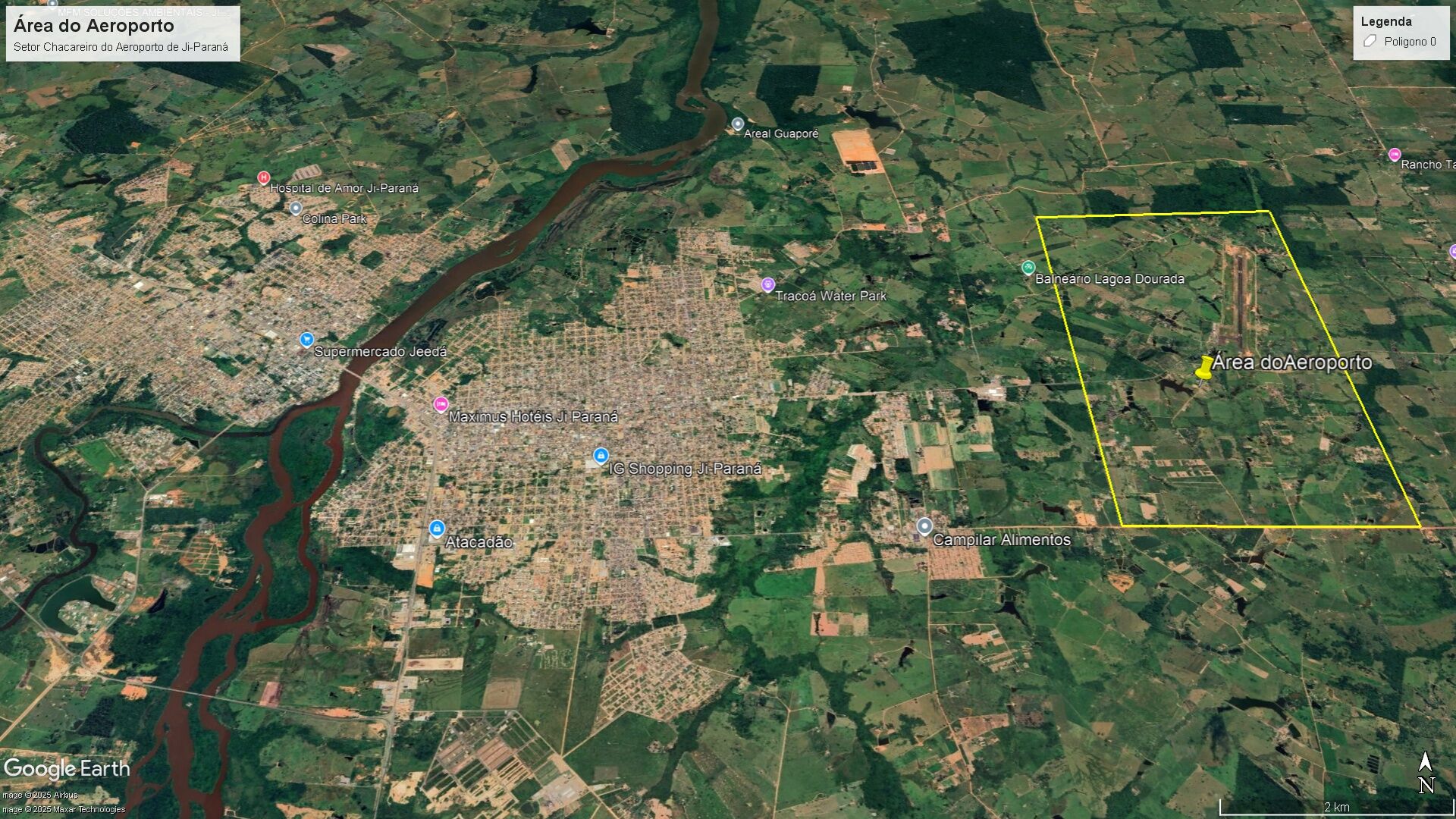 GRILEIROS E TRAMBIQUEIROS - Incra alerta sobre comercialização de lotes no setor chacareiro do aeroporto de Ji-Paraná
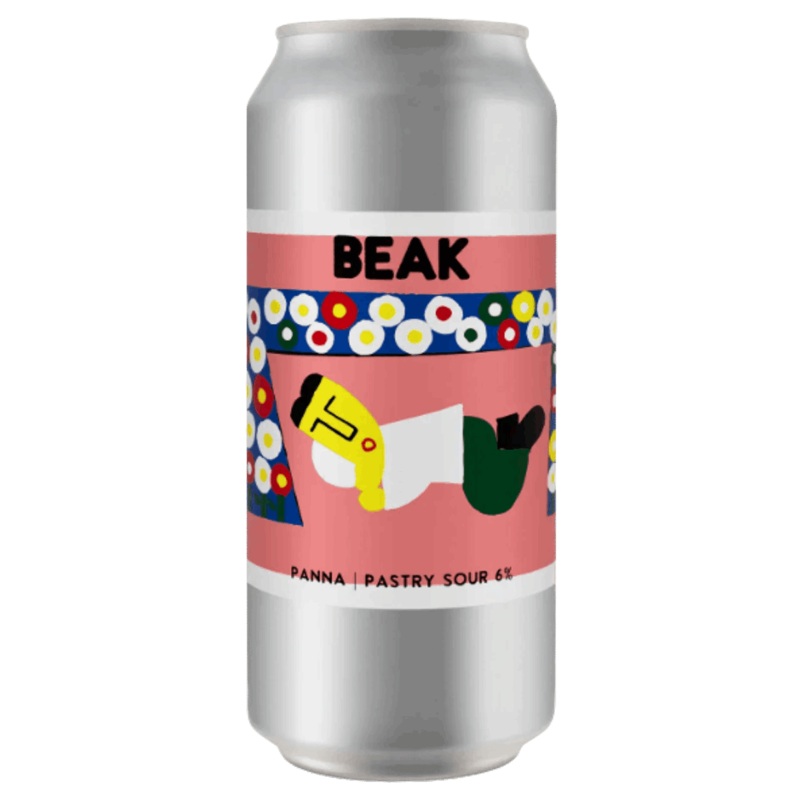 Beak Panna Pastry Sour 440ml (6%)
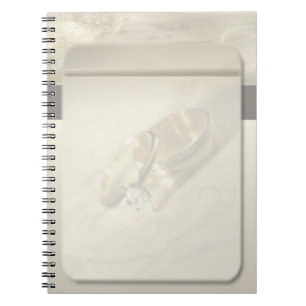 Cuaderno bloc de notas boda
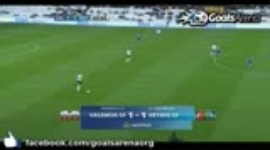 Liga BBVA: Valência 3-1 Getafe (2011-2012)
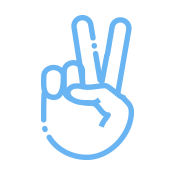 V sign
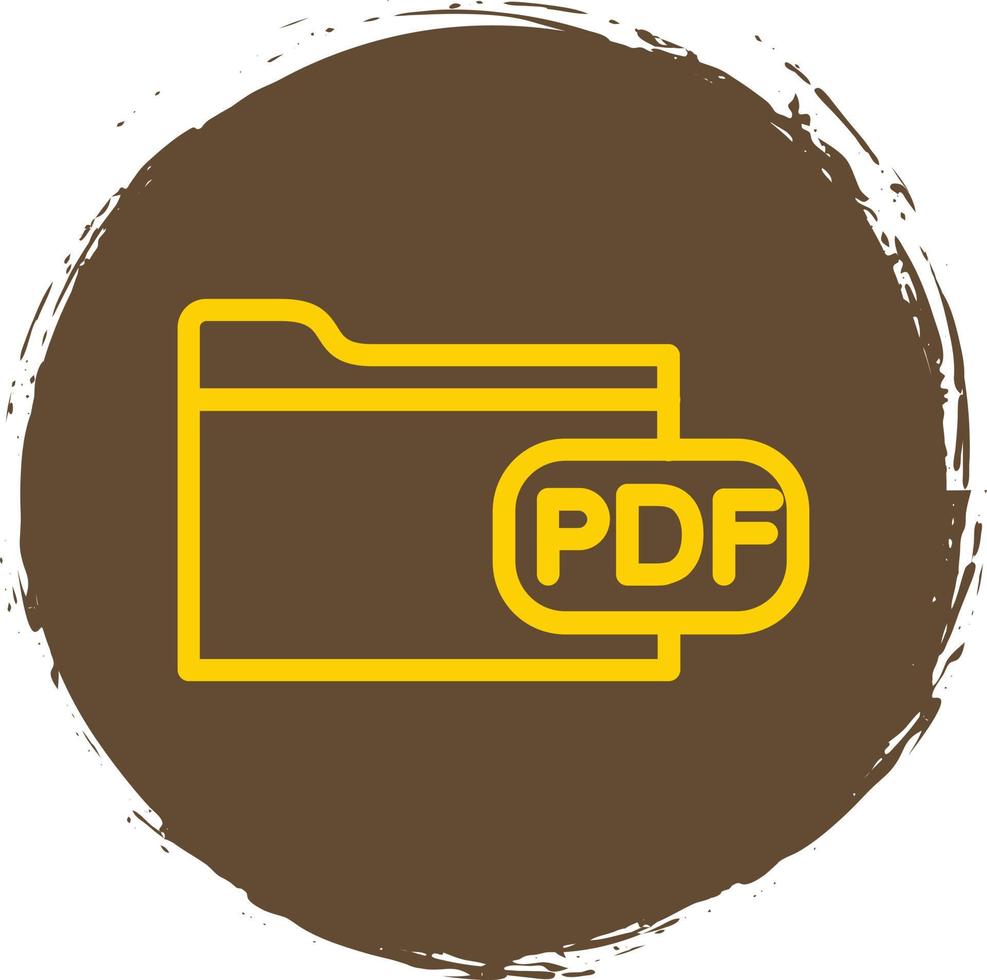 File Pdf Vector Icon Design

________

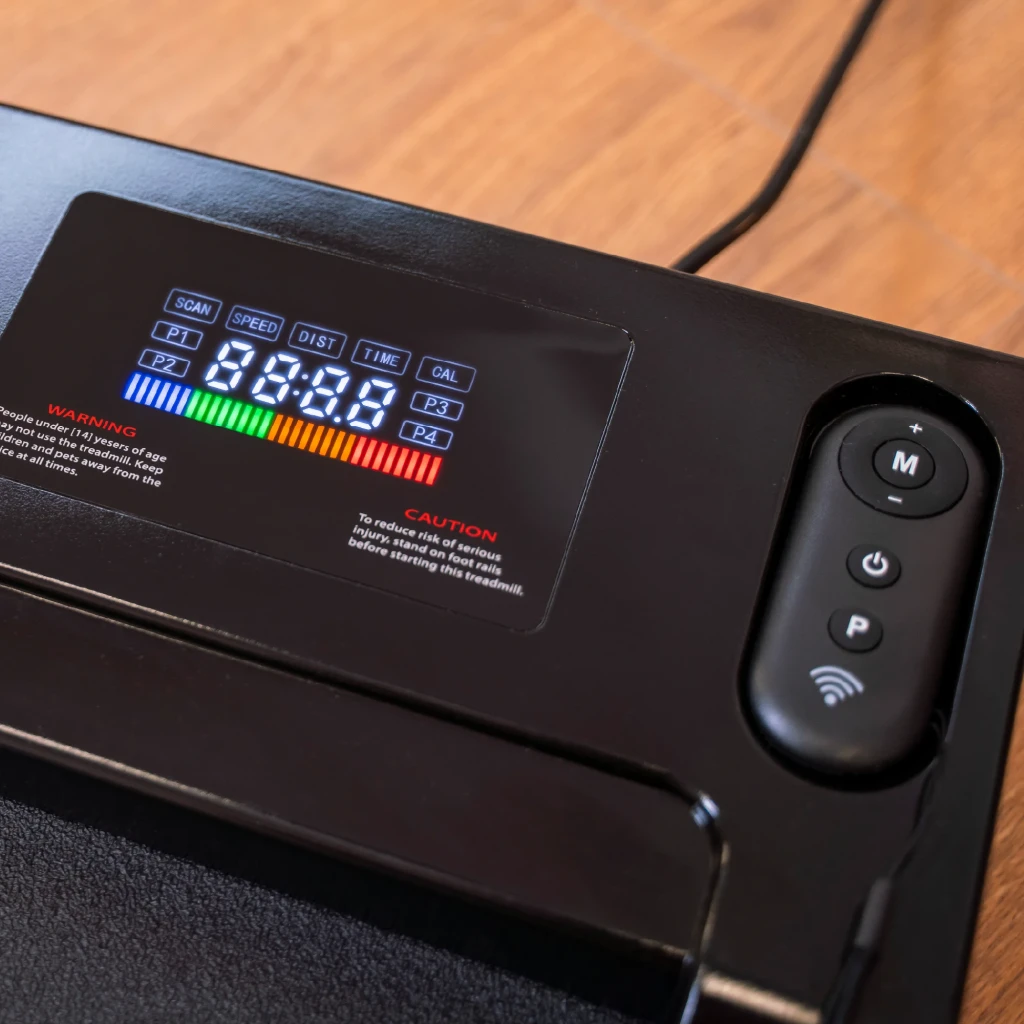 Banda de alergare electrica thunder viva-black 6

________

Problem to work on: Please return the data above exactly as it stands from the line with "GRILEIROS E TRAMBIQUEIROS" to the line with "File Pdf Vector Icon Design", keeping both of those lines but none of the pictures.

Answer box:
 GRILEIROS E TRAMBIQUEIROS - Incra alerta sobre comercialização de lotes no setor chacareiro do aeroporto de Ji-Paraná
 Beak Panna Pastry Sour 440ml (6%)
 Cuaderno bloc de notas boda
 Liga BBVA: Valência 3-1 Getafe (2011-2012)
 V sign
 File Pdf Vector Icon Design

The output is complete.